When you reach the line containing "EVBox Elvi White", repeat that line and each one after it exactly until the records end, leaving out pictures.

Data records:
******

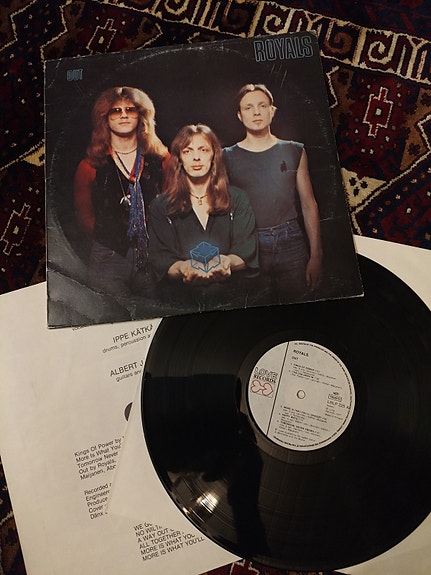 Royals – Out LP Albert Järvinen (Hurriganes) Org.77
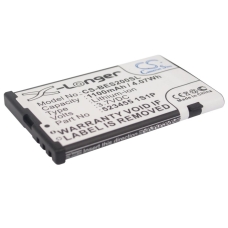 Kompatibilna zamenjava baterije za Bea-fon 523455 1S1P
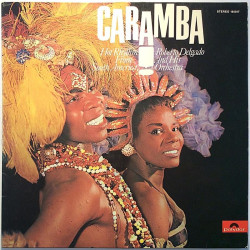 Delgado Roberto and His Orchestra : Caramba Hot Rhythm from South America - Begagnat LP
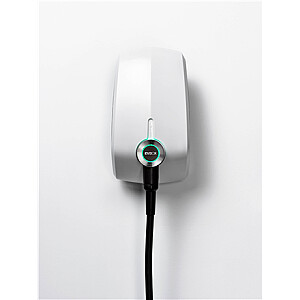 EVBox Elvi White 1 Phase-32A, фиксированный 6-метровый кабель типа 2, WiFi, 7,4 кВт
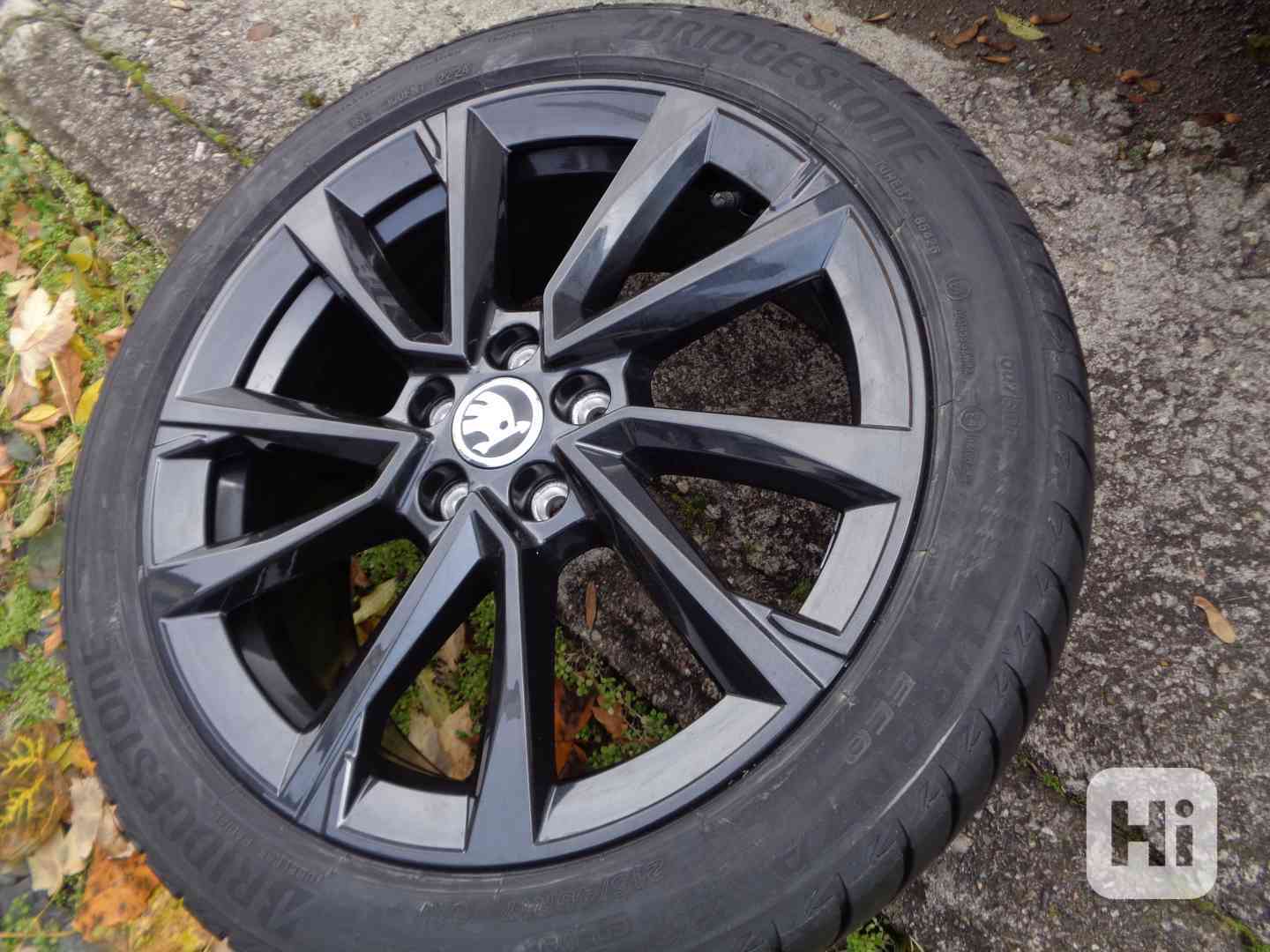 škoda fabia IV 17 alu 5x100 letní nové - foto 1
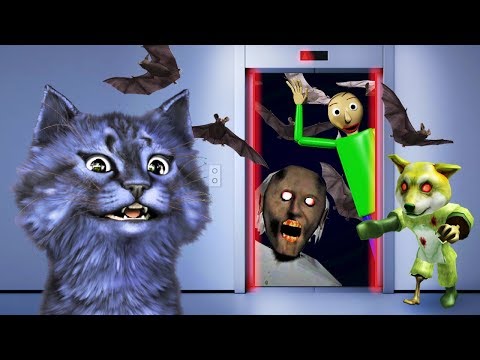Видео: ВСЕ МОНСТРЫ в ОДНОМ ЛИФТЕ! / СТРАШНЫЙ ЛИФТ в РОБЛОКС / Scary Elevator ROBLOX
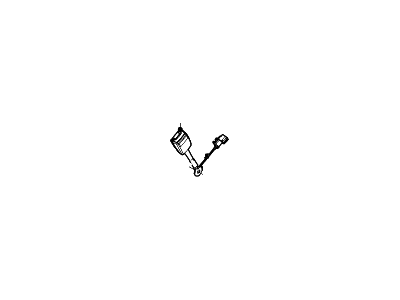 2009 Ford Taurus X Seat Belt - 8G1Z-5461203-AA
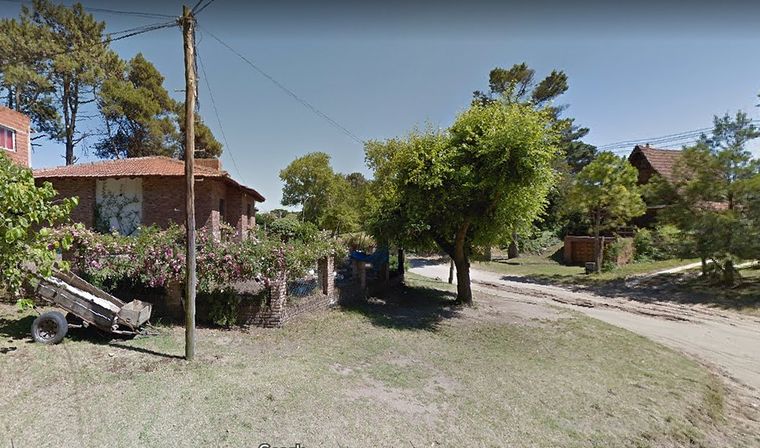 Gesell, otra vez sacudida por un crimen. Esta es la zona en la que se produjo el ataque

******

Exercise output:
 EVBox Elvi White 1 Phase-32A, фиксированный 6-метровый кабель типа 2, WiFi, 7,4 кВт
 škoda fabia IV 17 alu 5x100 letní nové - foto 1
Видео: ВСЕ МОНСТРЫ в ОДНОМ ЛИФТЕ! / СТРАШНЫЙ ЛИФТ в РОБЛОКС / Scary Elevator ROBLOX
 2009 Ford Taurus X Seat Belt - 8G1Z-5461203-AA
 Gesell, otra vez sacudida por un crimen. Esta es la zona en la que se produjo el ataque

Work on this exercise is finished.